Renaming columns in Pandas - Time & Space Complexity
We want to understand how the time it takes to rename columns in a pandas DataFrame changes as the number of columns grows.
How does the work increase when we rename more columns?
Analyze the time complexity of the following code snippet.
import pandas as pd
df = pd.DataFrame({f'col{i}': range(5) for i in range(100)})
new_names = {f'col{i}': f'new_col{i}' for i in range(100)}
df.rename(columns=new_names, inplace=True)
This code creates a DataFrame with 100 columns and renames all columns using a dictionary mapping.
Identify the loops, recursion, array traversals that repeat.
- Primary operation: pandas goes through each column name to check if it needs to be renamed.
- How many times: Once for each column in the DataFrame.
As the number of columns increases, the time to rename grows roughly in direct proportion.
| Input Size (n) | Approx.
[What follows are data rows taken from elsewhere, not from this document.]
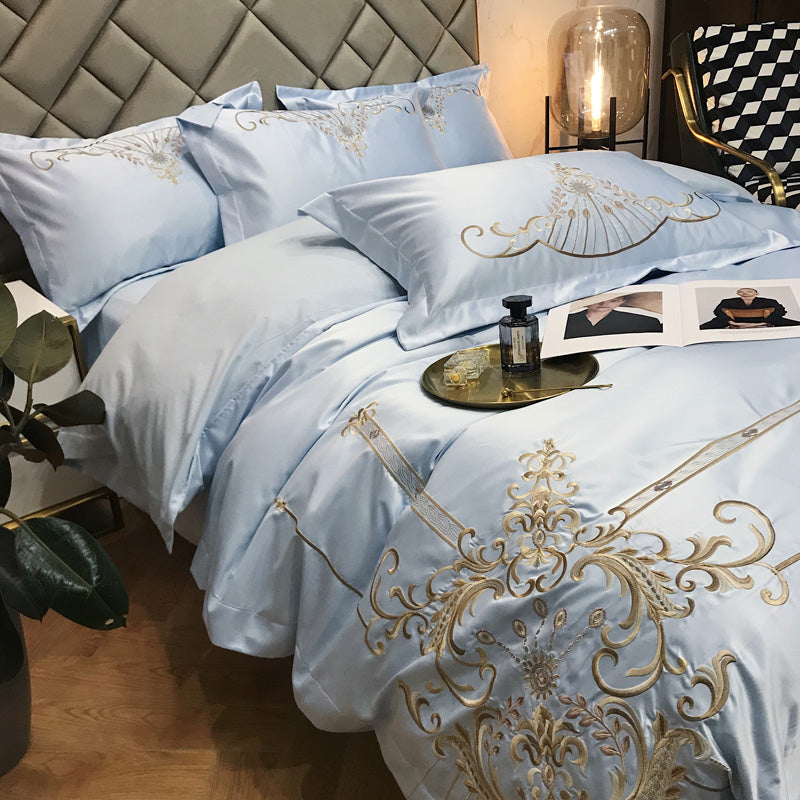 Victoria Ghost Blue Luxury 600TC Satin Egyptian Cotton Royal Embroidery Duvet Bedding Set - DARIYA HOME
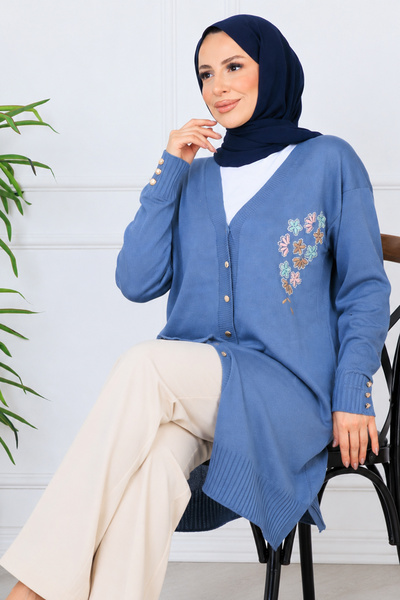 benguen Embroidery Detailed Beaded Mercerized Cardigan N3280 Indigo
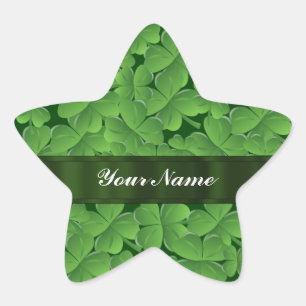 Green shamrock pattern star sticker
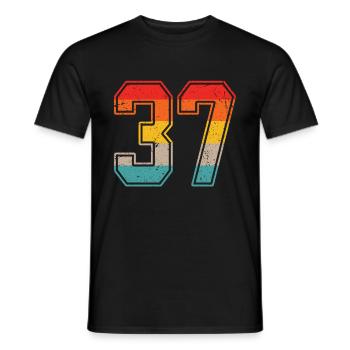 37 Years Retro Jersey Number 37 T-shirt Number 37 - Men's T-Shirt - black - Front - AI Model Male 178 light (178cm)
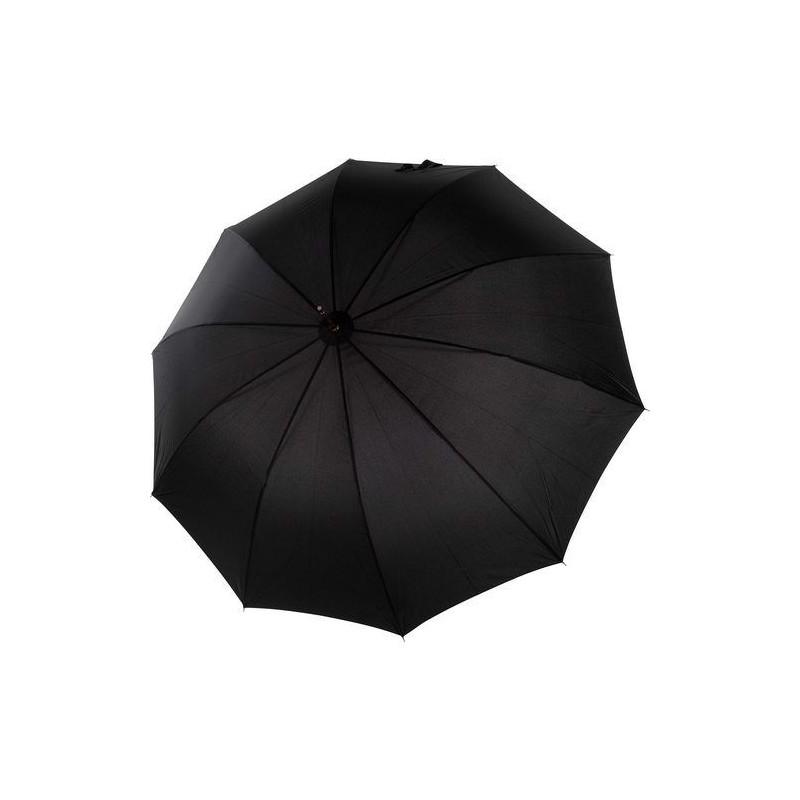 Grand parapluie noir 10 baleines poignée bois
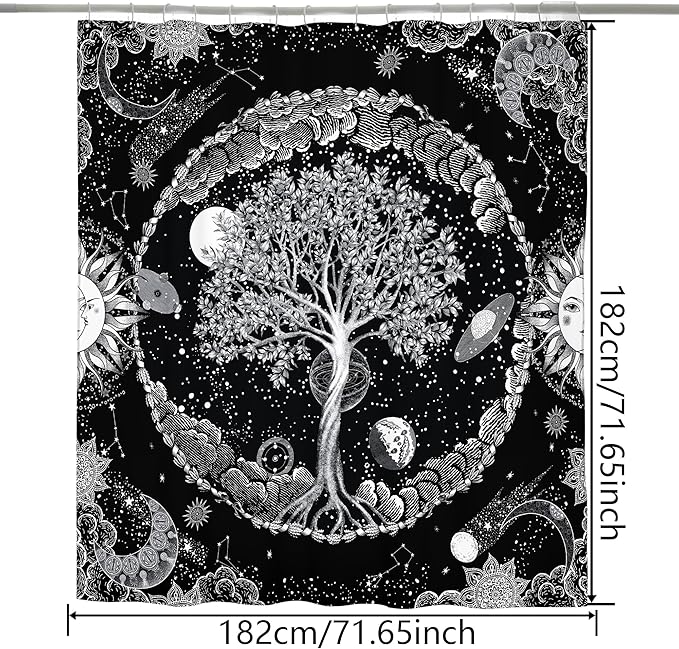Bohemian Shower Curtain, Boho Floral Print Water Repellent Polyester Fabric for Bathroom Decor, 72×72 Inch Standard Size with 12 Hooks, Also as Room Divider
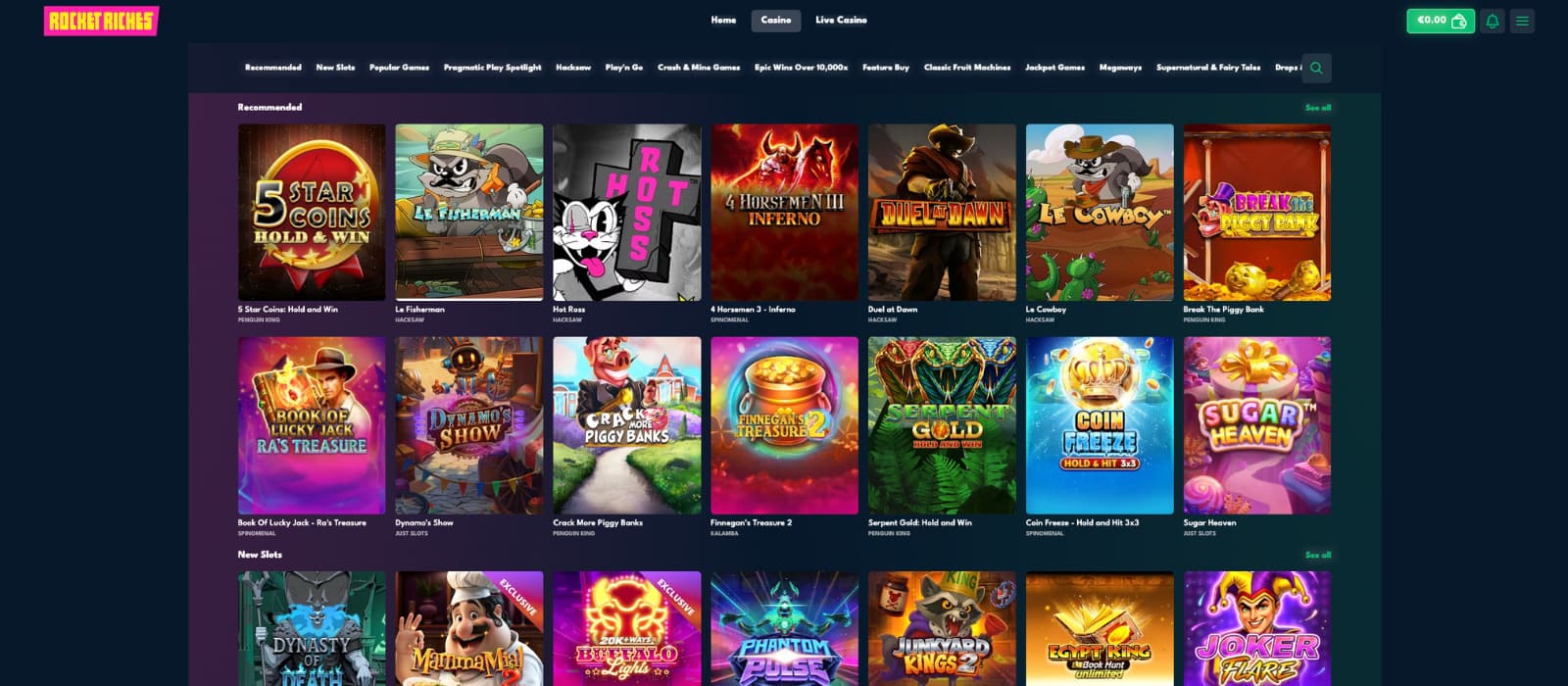 Rocket Riches Casino games lobby showing slot categories, provider filters, and a grid of popular slot titles.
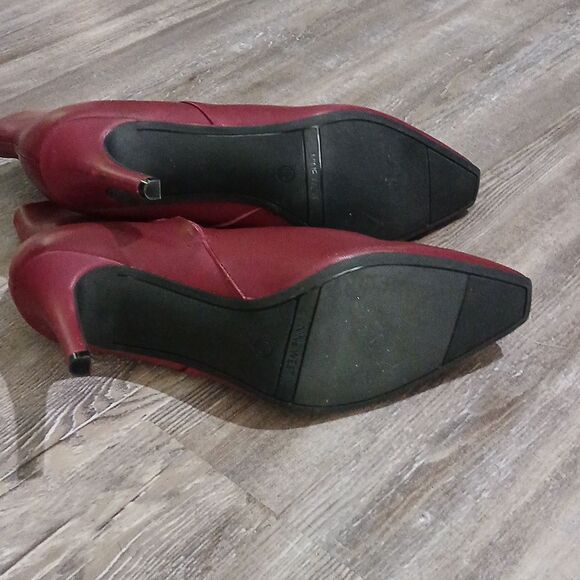 Nine West Sissa Dark Red (WIne) Leather Pointed Toe High Heel Ankle Boots Sz 11 - Picture 7 of 9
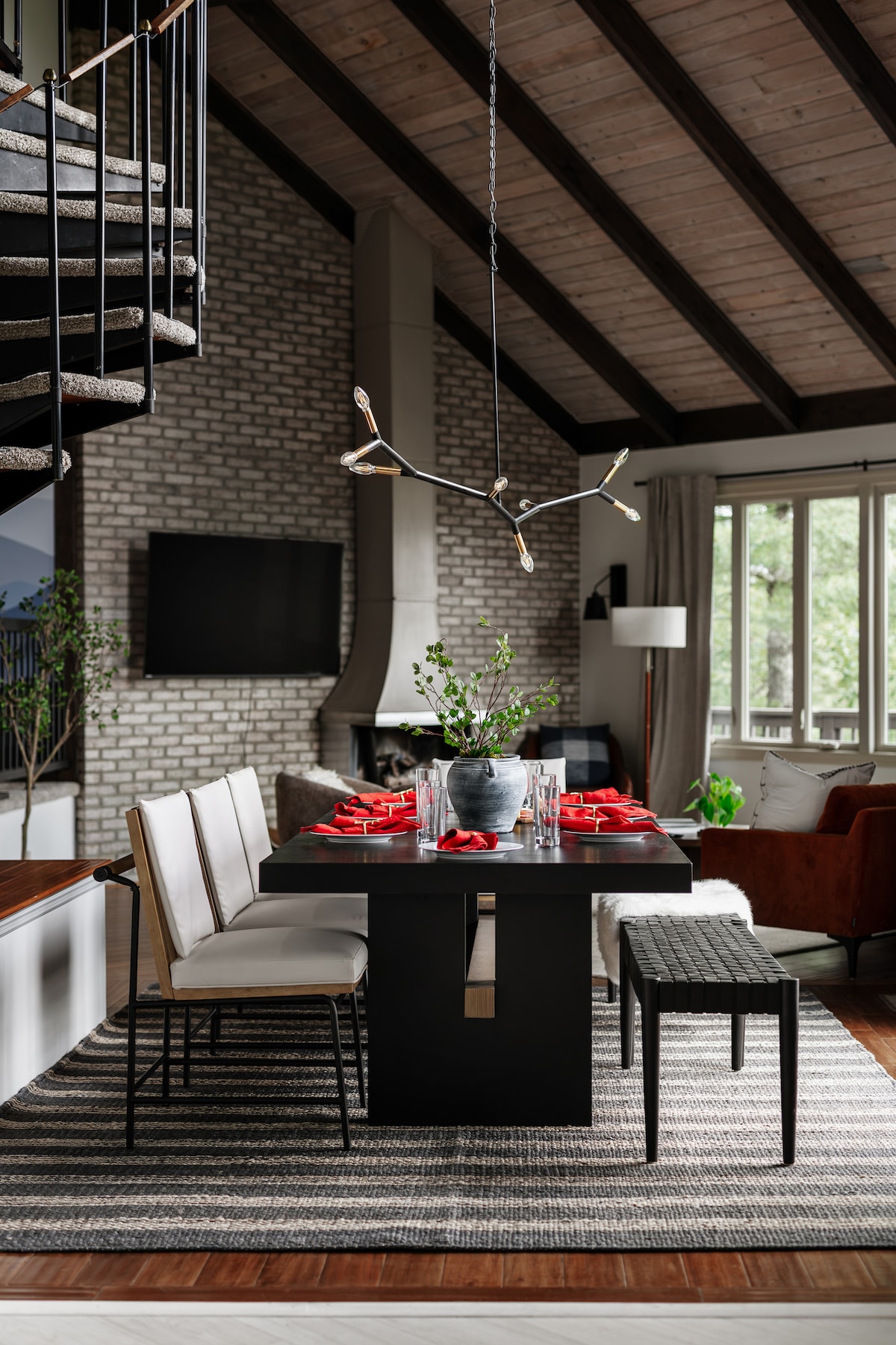Dining table set beside the living room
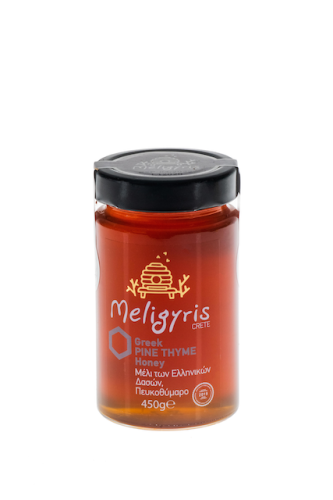 Meligyris miód z Krety sosna tymianek 450g Wyprzedaż sezonu BB.08.2026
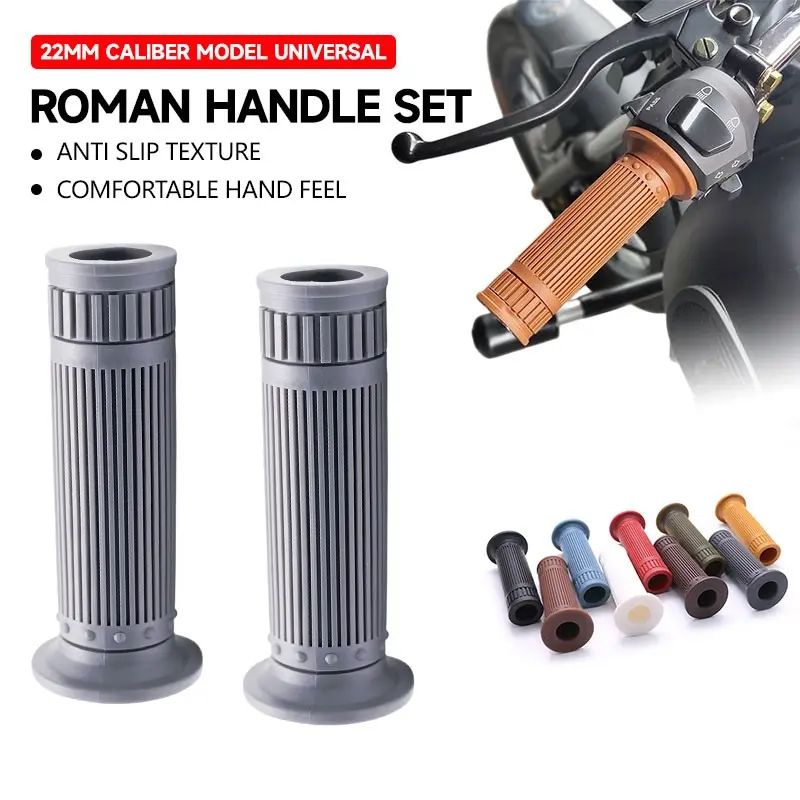 2 PCS Motorcycle Handle Grips, Non-Slip Texture Design, Comfortable Fit, 7/8 Inch (22mm) Anti-Slip, Motorcycle Accessories, Off-Road, Electric Bike Parts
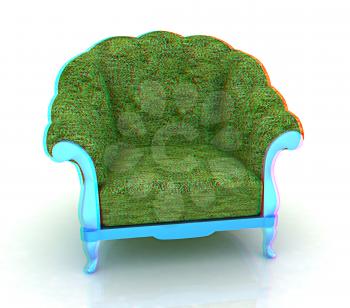 Herbal armchair on a white background. 3D illustration. Anaglyph. View with red/cyan glasses to see in 3D.
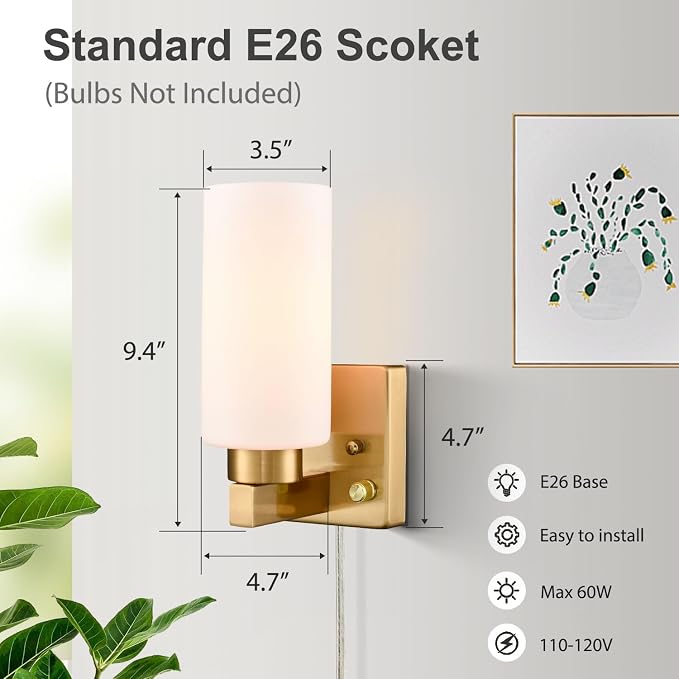 Modern Plug in Wall Sconce - Image 5
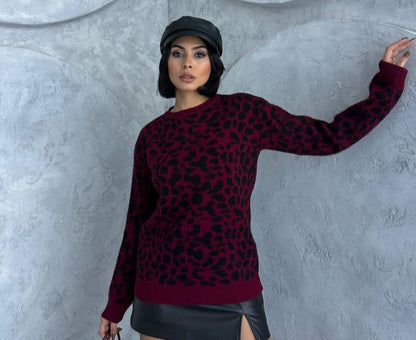 Leopard Burgundy Pullover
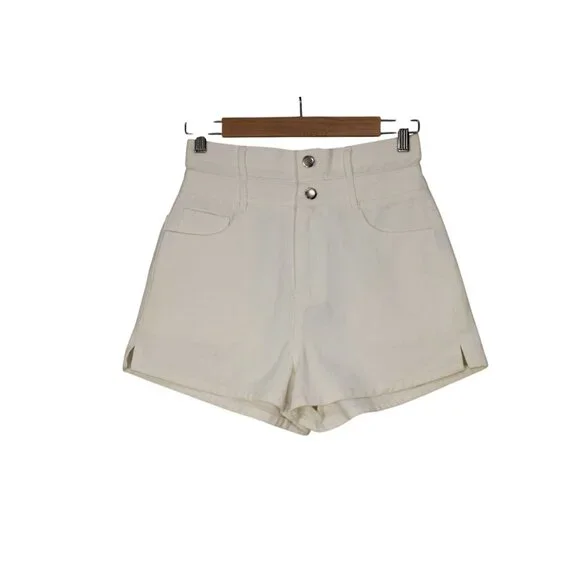 Momenthome youth‎ paperbag waste high rise summer twill denim shorts FLAW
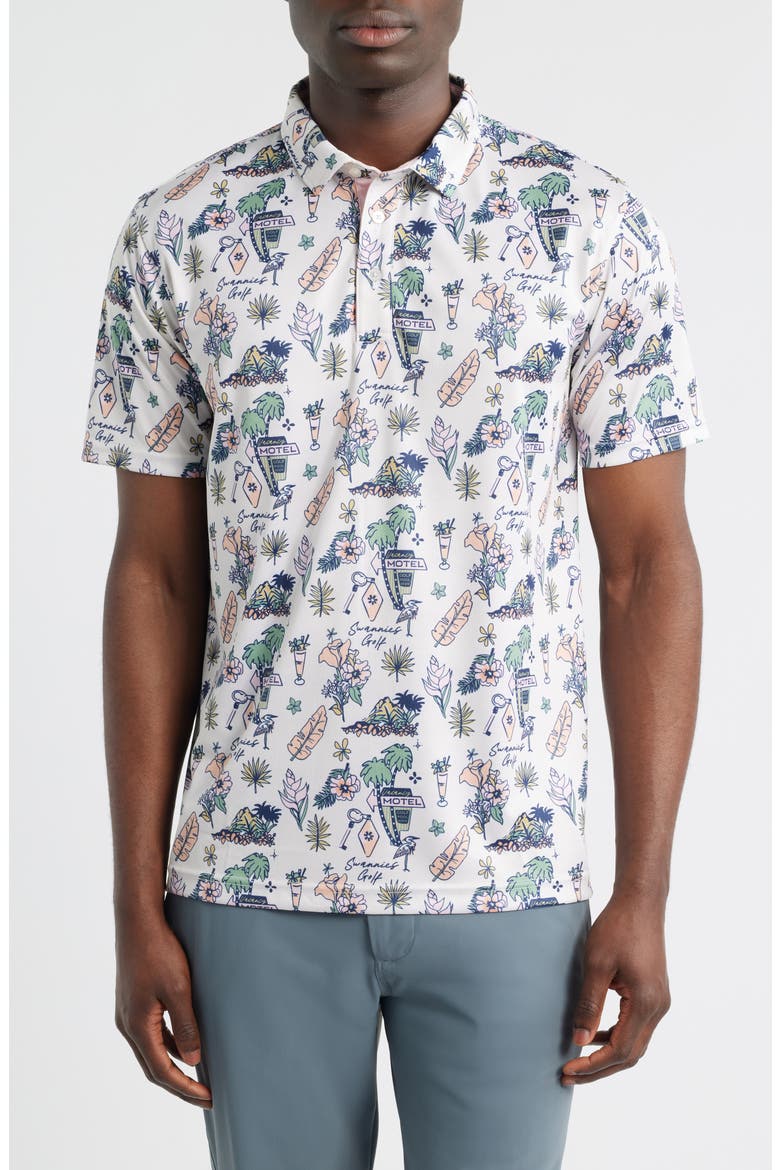 Oasis Tropical Icons Print Performance Golf Polo, Main, color, VINTAGE WHITE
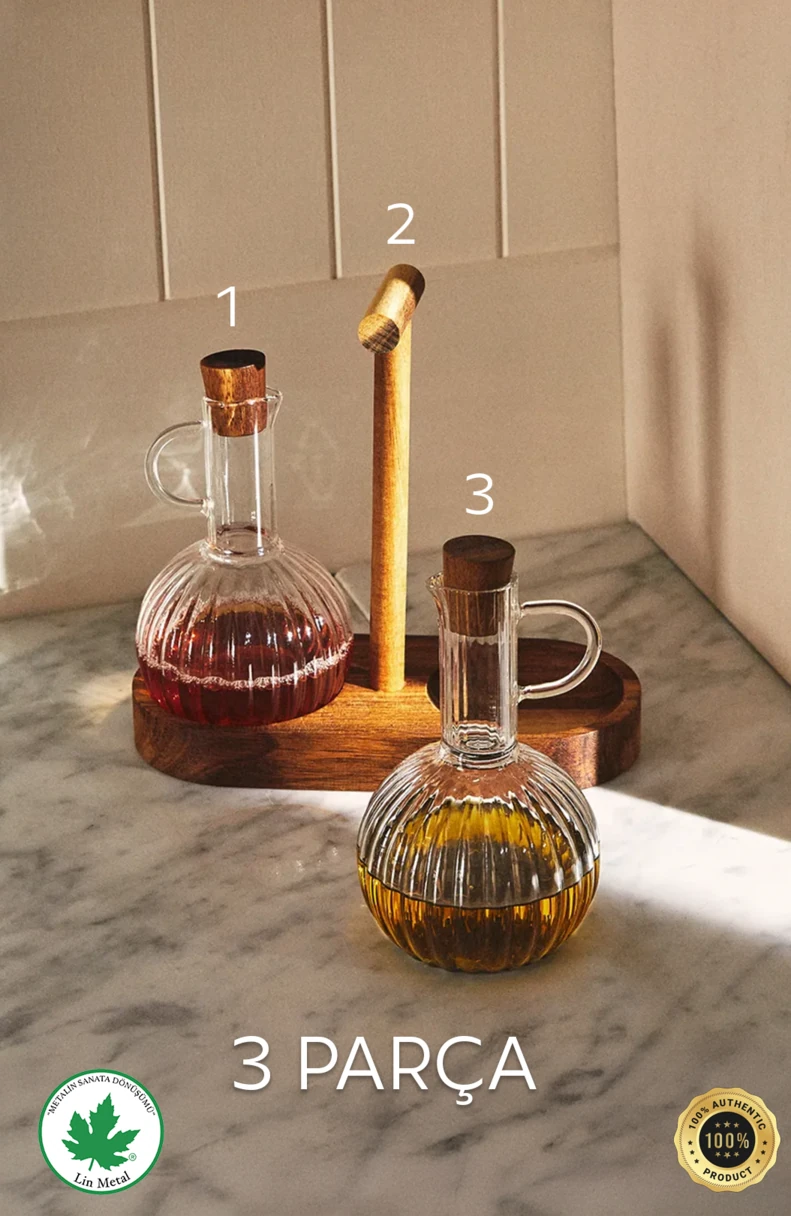 2’li Cam Yağdanlık & Sirkelik Seti – Ahşap Standlı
Operations |
|---|---|
| 10 | About 10 checks and renames |
| 100 | About 100 checks and renames |
| 1000 | About 1000 checks and renames |
Pattern observation: The work grows linearly as the number of columns grows.
Time Complexity: O(n)
This means the time to rename columns grows in a straight line with the number of columns.
[X] Wrong: "Renaming columns happens instantly no matter how many columns there are."
[OK] Correct: Even though renaming is fast, pandas must check each column name, so more columns mean more work.
Understanding how operations scale with data size helps you write efficient code and explain your choices clearly in real projects.
"What if we rename only a few columns instead of all? How would the time complexity change?"